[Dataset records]
------------------------

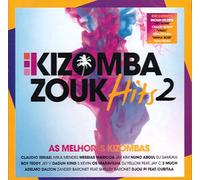 icoa, Jay Kim, Nuno Abdul, DJ - Kizomba Zouk Hits 2 [CD] 2017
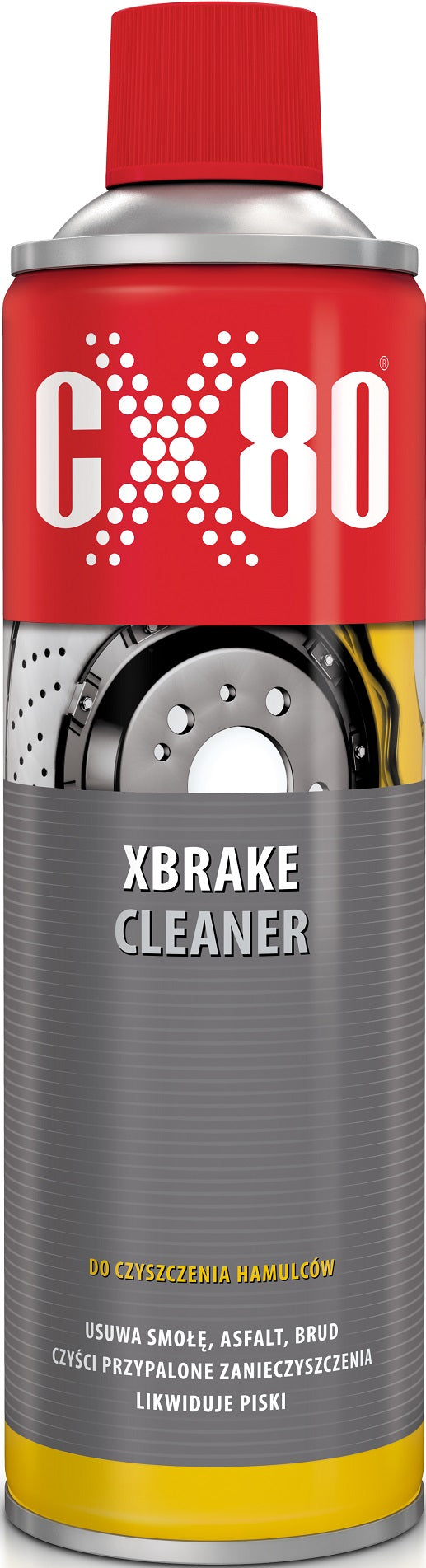 Instant Brake Disc Cleaner 600ml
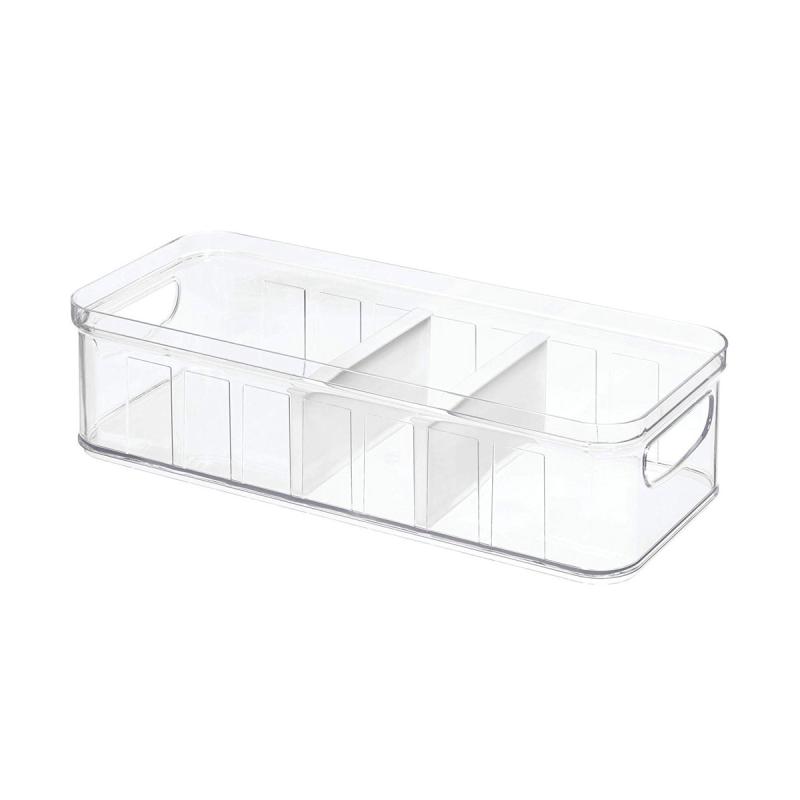 Promo Idesign Crisp Large Divided Bin Diskon 50 Di Seller Living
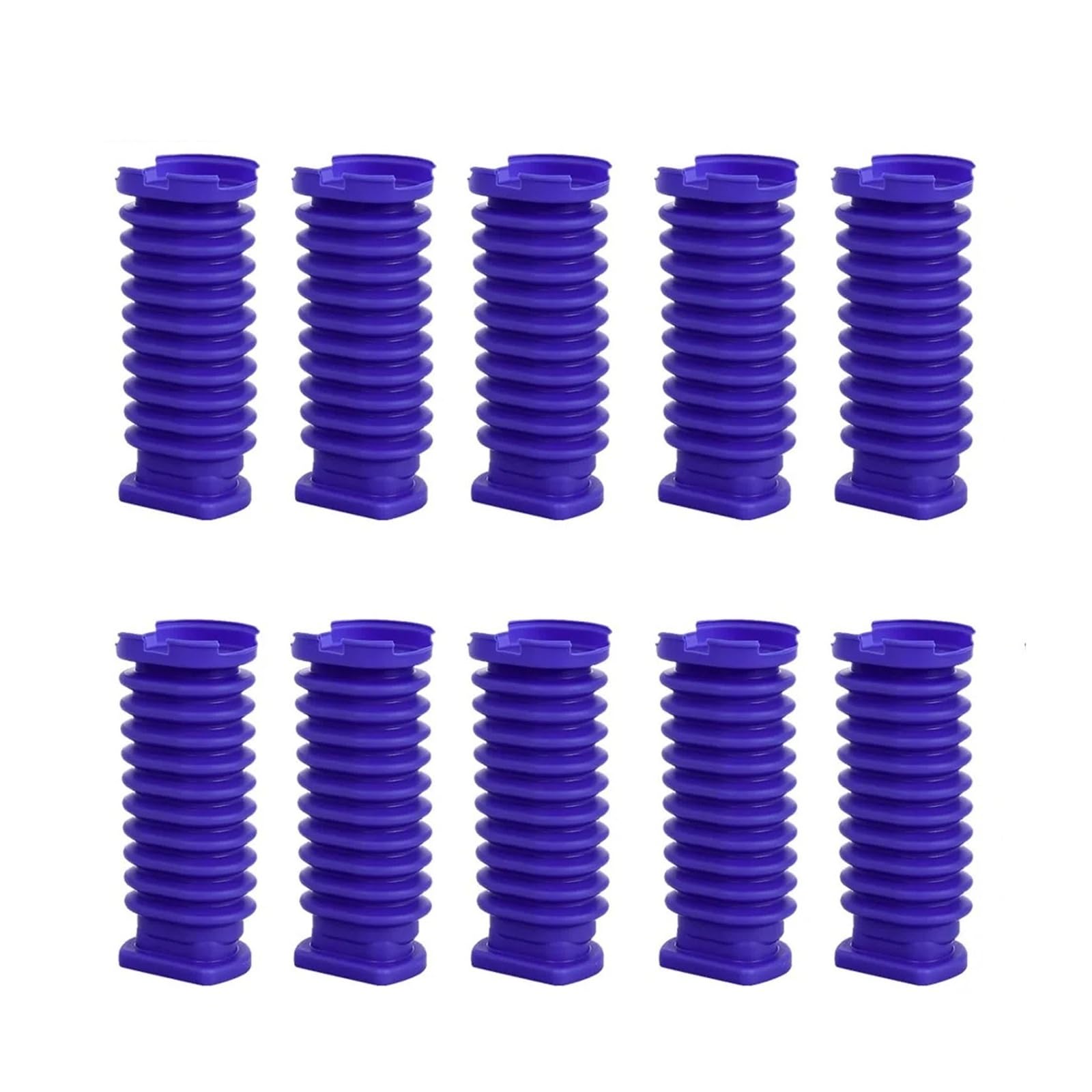 High Suction Hose Part ，Compatible for Dyson， V8 /V10 /V12 /V15 /SV18/SV20/SV10K Vacuum Cleaner Suction Hose Replacement(SET5)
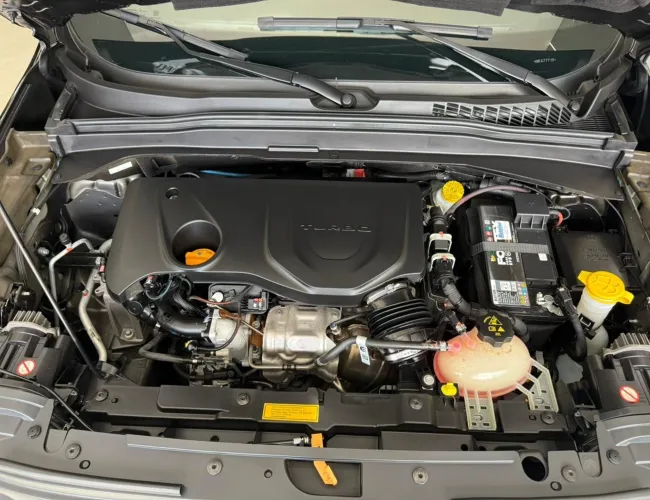 Imagem 20 – Renegade 2022 1.3 T270 Turbo Flex Sport At6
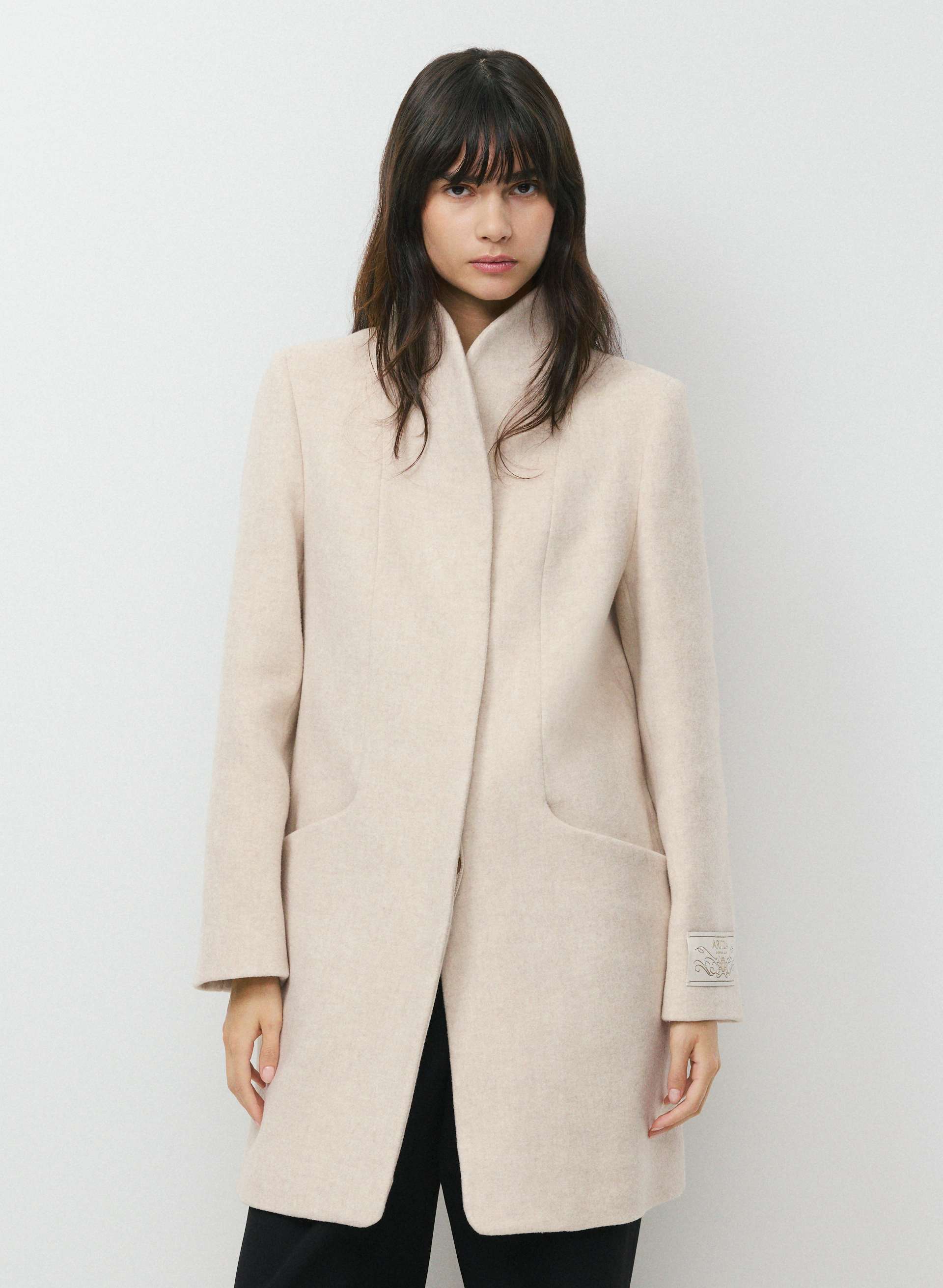 MANTEAU COCOON | Aritzia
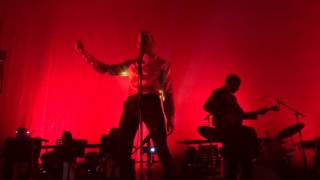 The Last Shadow Puppets - Pattern live @ The Dome (Brighton UK)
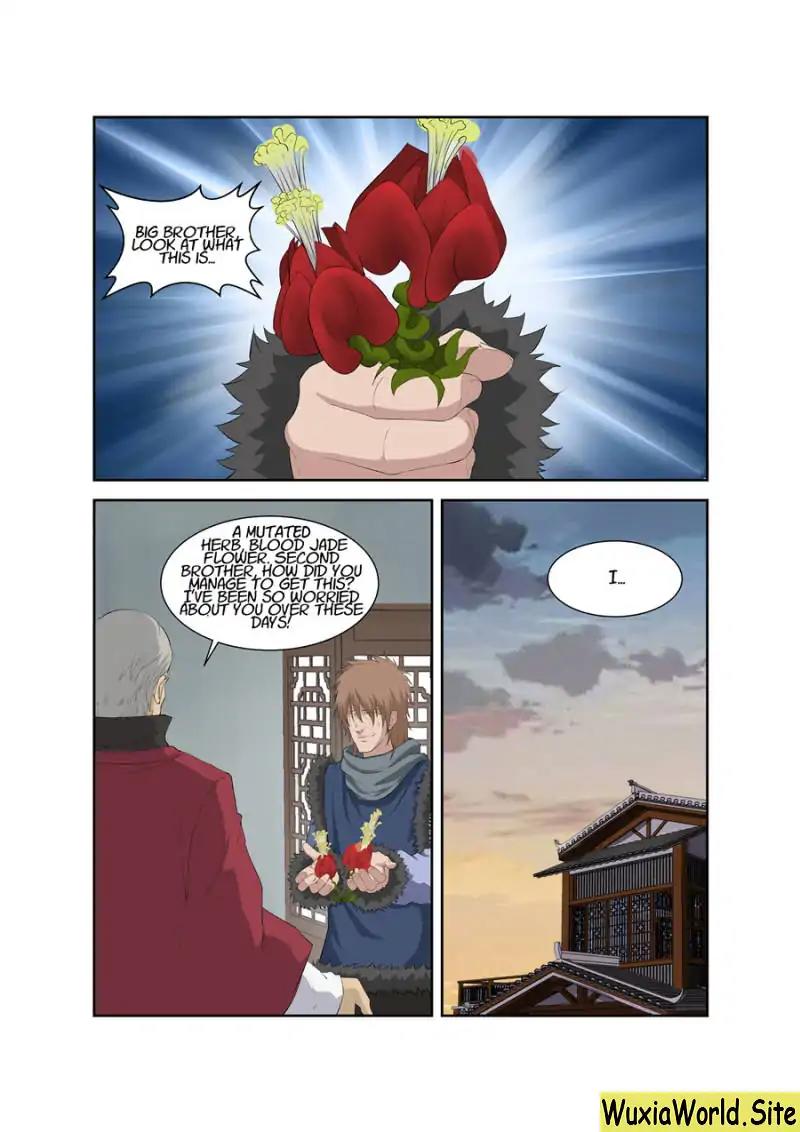 Heaven Defying Sword chapter 92 - page 12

------------------------

Directions for this task
Exactly repeat the data above; the pictures do not belong in your copy.

Output for this exercise
 icoa, Jay Kim, Nuno Abdul, DJ - Kizomba Zouk Hits 2 [CD] 2017
 Instant Brake Disc Cleaner 600ml
 Promo Idesign Crisp Large Divided Bin Diskon 50 Di Seller Living
 High Suction Hose Part ，Compatible for Dyson， V8 /V10 /V12 /V15 /SV18/SV20/SV10K Vacuum Cleaner Suction Hose Replacement(SET5)
 Imagem 20 – Renegade 2022 1.3 T270 Turbo Flex Sport At6
 MANTEAU COCOON | Aritzia
 The Last Shadow Puppets - Pattern live @ The Dome (Brighton UK)
 Heaven Defying Sword chapter 92 - page 12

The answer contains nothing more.